The journey of Miss Jane Eyre begins at Gateshead where she is in the care of her cruel aunt who treats her like someone off the streets. In the words of Maggie Berg, a critic who wrote Jane Eyre: A Companion to the Novel, Jane sees herself as a “rebellious slave” and “hungerstricken”. She is clearly the “scapegoat of the nursery” (pg. 47). In the eyes of her wicked aunt she was a “precocious actress” and was therefor regularly locked up like a dog. According to Berg the effect of these accounts drew attention to her self-dramatization. From the very moment Jane was able to read she was constantly attracted by the disguised portraits that she make for herself in books, ballads, and dolls. The recurring theme of self-awareness I saw in Jane Eyre started from the first time Jane saw herself in the mirror which consequentially gave her a fresh awareness of her own identity. When John “throws the book” at Jane Charlotte Bronte’s attempt was to both literally and metaphorically symbolize the deprivation he was instigating of any sense of herself and her rights.
According to Jacques Lacan, the first identity of oneself in a mirror is the most decisive stage in human development.
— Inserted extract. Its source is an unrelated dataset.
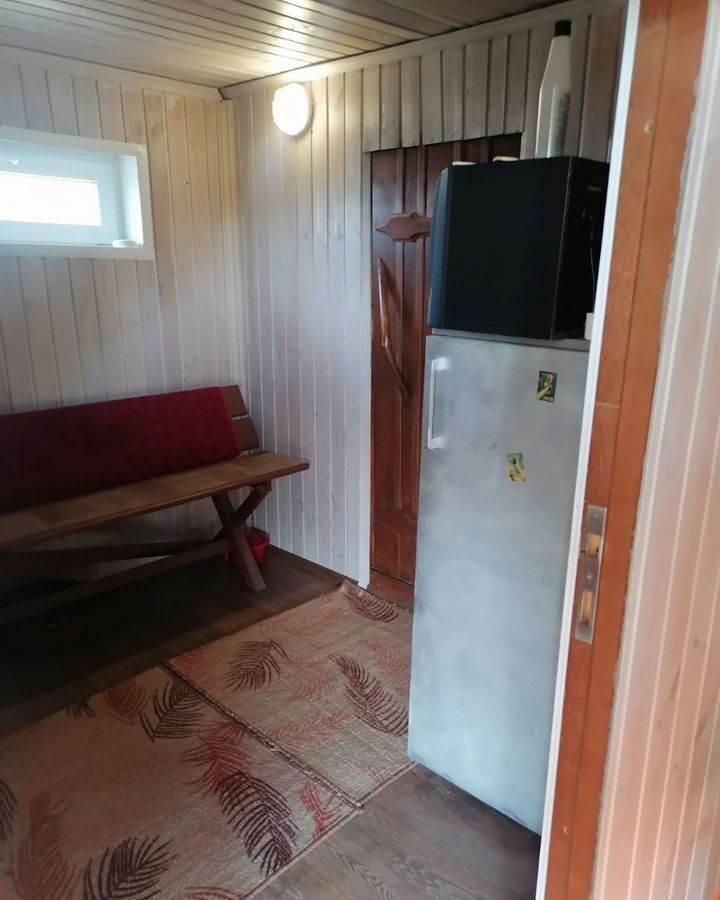 дом р-н Нижнекамский г Нижнекамск п Строителей Республика Татарстан Татарстан, муниципальное образование Нижнекамск фото 35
It provides the “awareness of oneself as an object of knowledge”.
I had to cross before the looking glass; my fascinated glance involuntarily explored the depth it revealed. All looked colder and darker in that visionary hollow than in reality: and the strange little figure there gazing at me with a white face and arms specking the gloom, and glittering eyes of fear moving where all else was still, had the effect of a real spirit: I thought it like one of the tiny phantoms, half fairy, half imp, Bessies’s evening stories represented as coming out of lone, ferny dells in moors, and appearing before the eyes of belated travelers. (46)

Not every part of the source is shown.